Word for word, please restate each record and pass over the pictures.
====== Information
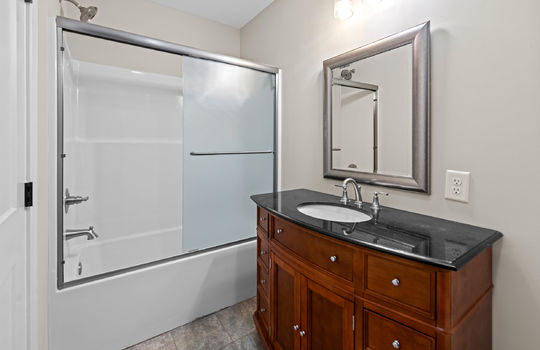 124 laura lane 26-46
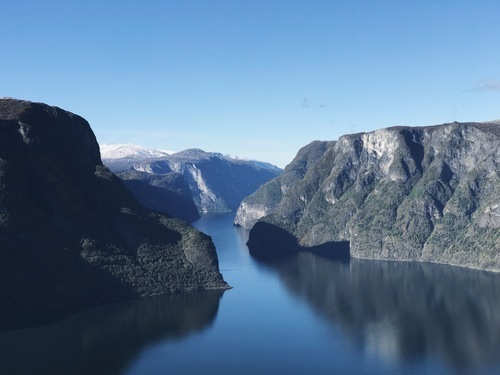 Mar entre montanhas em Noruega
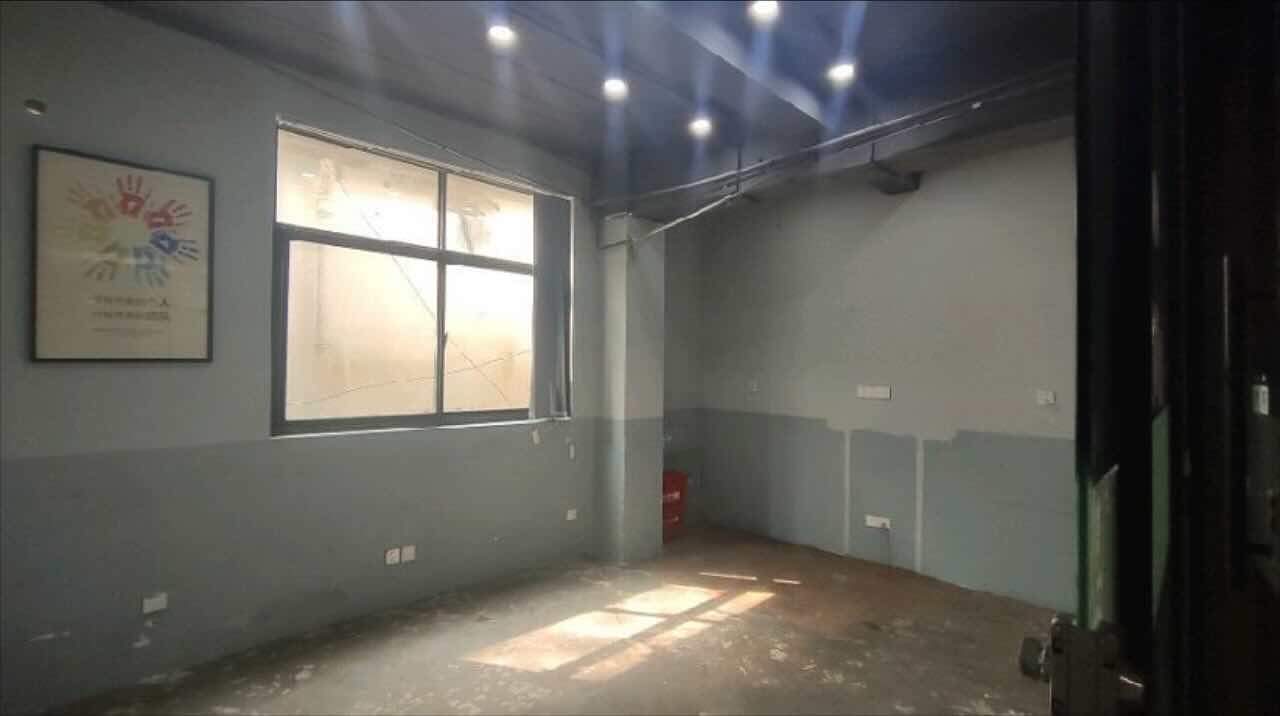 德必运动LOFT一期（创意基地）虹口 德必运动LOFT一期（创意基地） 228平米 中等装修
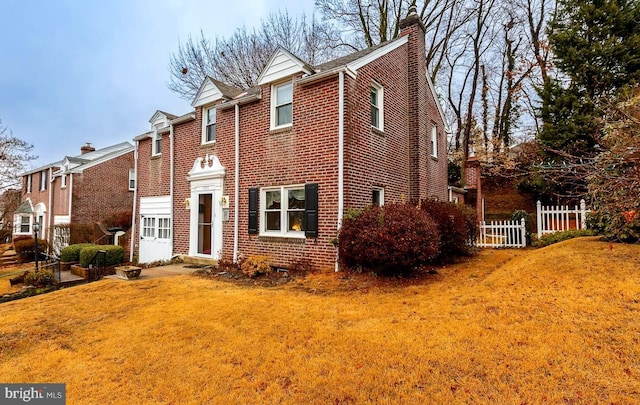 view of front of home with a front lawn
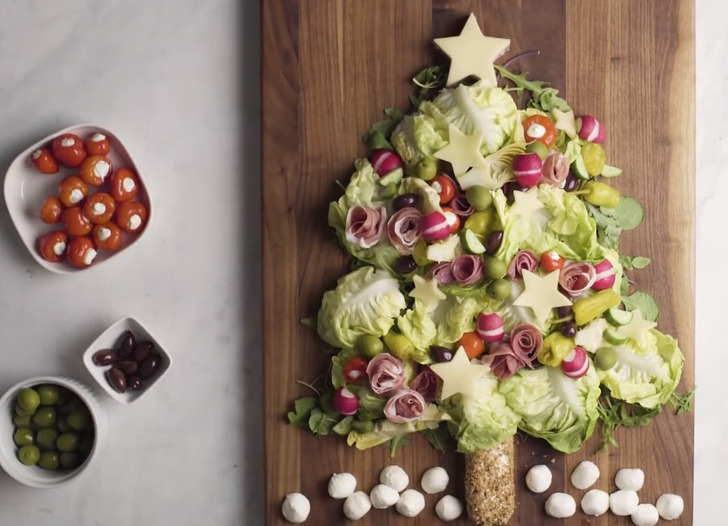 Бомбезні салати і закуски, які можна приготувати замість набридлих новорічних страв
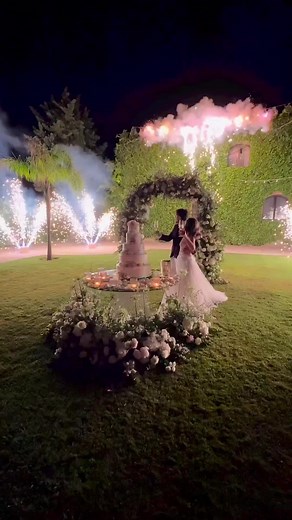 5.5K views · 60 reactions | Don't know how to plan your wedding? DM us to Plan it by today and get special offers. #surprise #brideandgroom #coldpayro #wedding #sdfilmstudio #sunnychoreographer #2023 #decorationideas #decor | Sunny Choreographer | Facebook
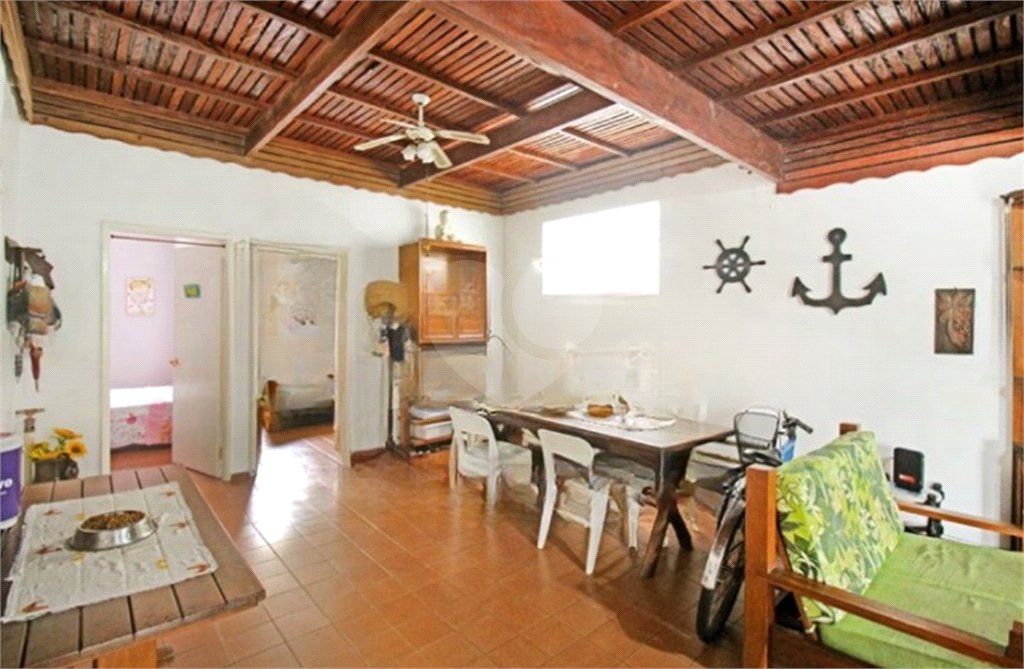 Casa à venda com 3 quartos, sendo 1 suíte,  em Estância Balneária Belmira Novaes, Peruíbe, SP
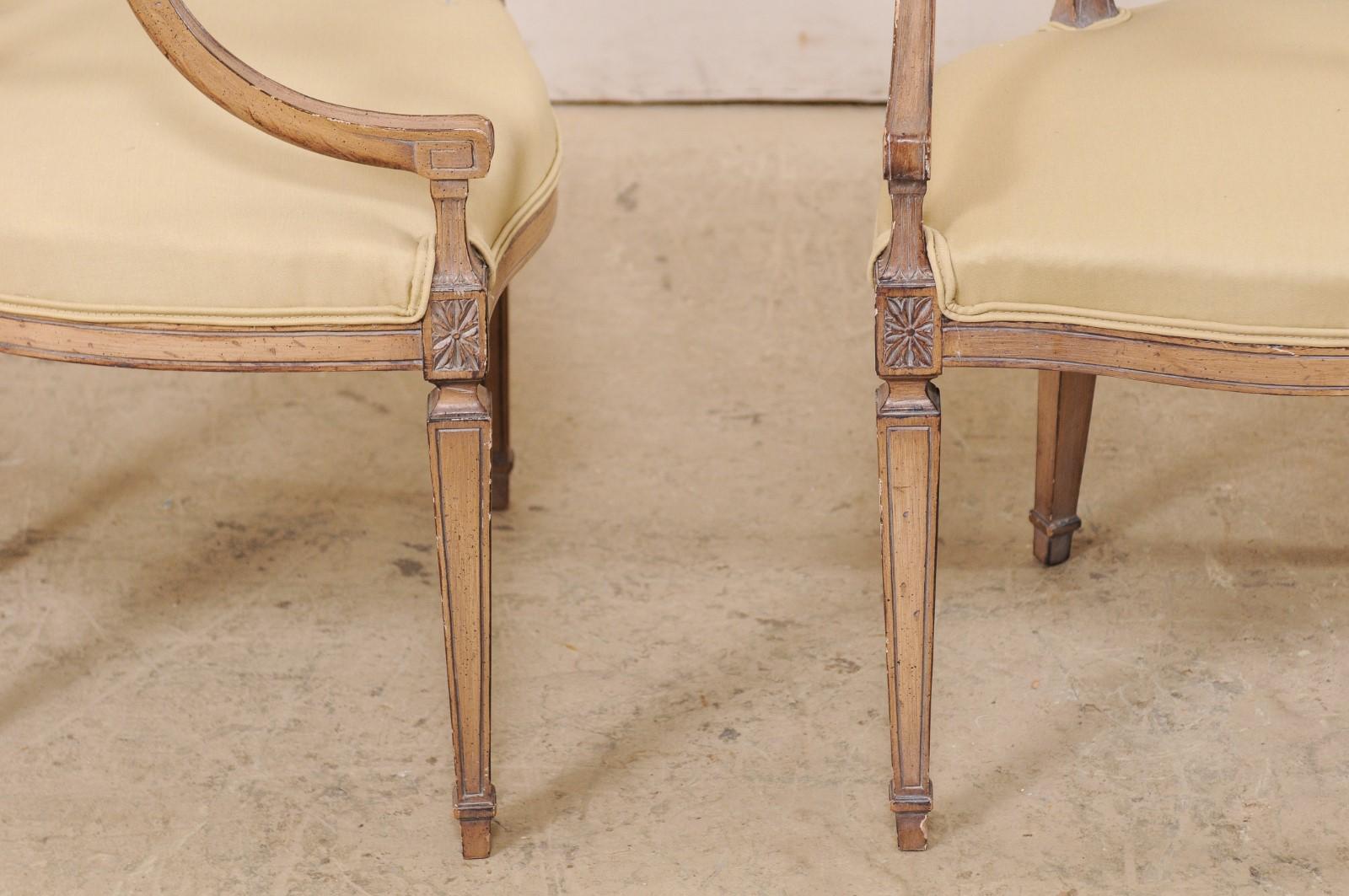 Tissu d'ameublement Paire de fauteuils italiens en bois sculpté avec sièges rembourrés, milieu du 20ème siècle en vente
============
Written answer:
 124 laura lane 26-46
 Mar entre montanhas em Noruega
 德必运动LOFT一期（创意基地）虹口 德必运动LOFT一期（创意基地） 228平米 中等装修
 view of front of home with a front lawn
 Бомбезні салати і закуски, які можна приготувати замість набридлих новорічних страв
 5.5K views · 60 reactions | Don't know how to plan your wedding? DM us to Plan it by today and get special offers. #surprise #brideandgroom #coldpayro #wedding #sdfilmstudio #sunnychoreographer #2023 #decorationideas #decor | Sunny Choreographer | Facebook
 Casa à venda com 3 quartos, sendo 1 suíte,  em Estância Balneária Belmira Novaes, Peruíbe, SP
 Tissu d'ameublement Paire de fauteuils italiens en bois sculpté avec sièges rembourrés, milieu du 20ème siècle en vente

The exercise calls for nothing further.